1 ottobre 2008

Il diritto di Antigone

L'antica città di Tebe era rimasta senza comando dopo la sventura che aveva colpito il re Edipo. Creonte, fratello della regina, si proclamò nuovo re di Tebe, ma molti lo consideravano un usurpatore. I due figli maschi di Edipo si divisero sul destino della città: Eteocle si mise agli ordini del nuovo re, mentre Polinice fuggì e si unì a coloro che avevano organizzato un attacco per liberare la città. Così i due fratelli si trovarono a combattere l'uno contro l'altro e si ammazzarono reciprocamente:
I due sciagurati, da un solo padre e da una sola madre nati, l'uno contro l'altro vittoriosa lancia drizzando, di comune morte ebbero parte entrambi.
Al termine della battaglia i ribelli fuggirono e Creonte ordinò di celebrare funerali solenni per Eteocle, morto in difesa della città, e stabilì con un editto che il corpo di Polinice dovesse rimanere insepolto, lasciato in pasto agli uccelli, con pena di morte per chiunque osasse rimuoverlo. Era il disonore con cui voleva colpire il ribelle.

Antigone, figlia di Edipo e sorella di Polinice, sentiva l'obbligo di dare sepoltura al fratello: "Creonte non ha il diritto di impedirmelo".
L'altra sorella, Ismene, cercò di dissuaderla: "Noi abbiamo il dovere di obbedire agli ordini che sono stati dati". Ma Antigone riteneva che l'obbligo morale verso il fratello morto non poteva essere cancellato dall'ordine di un re. Perciò ella fece quel che in coscienza sentiva necessario fare.

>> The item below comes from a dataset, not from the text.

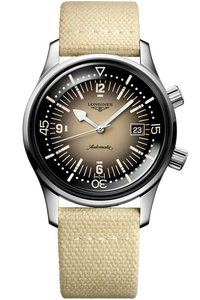The Longines Legend Diver Watch 42mm Stainless Steel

La ragazza fu arrestata dalle guardie e condotta davanti al re per rispondere della sua trasgressione. Alle accuse di Creonte ella rispose con queste parole:
"Per me non fu Zeus a proclamare quel divieto, e nemmeno Dike, che dimora con gli dèi inferi, fissò tali leggi per gli uomini, e io non credo che i tuoi editti abbiano tanta forza da poter trasgedire le leggi non scritte e incrollabili degli dèi. Infatti queste non sono di oggi o di ieri, ma sempre vivono e nessuno sa quando apparvero. E di esse io non volevo scontare la pena al cospetto degli dèi, per paura della volontà di alcun uomo.(...) Se a te sembra che io ora agisca da folle, questa follia la devo, forse, ad un folle."
Per Antigone non era follia ribellarsi a una legge ingiusta, la follia è nella pretesa di emanare leggi che contrastano con la coscienza degli uomini. Così una ragazza rimproverava il re in nome di una giustizia che sta oltre il potere dei re.

Ismene, la sorella che aveva deciso di obbedire alla legge di Creonte, intervenne in difesa di Antigone e fu imprigionata con lei. Creonte infatti non poteva accettare che le sue leggi non fossero rispettate, ma quando la legge ha bisogno di violenza per farsi valere dimostra tutta la sua debolezza.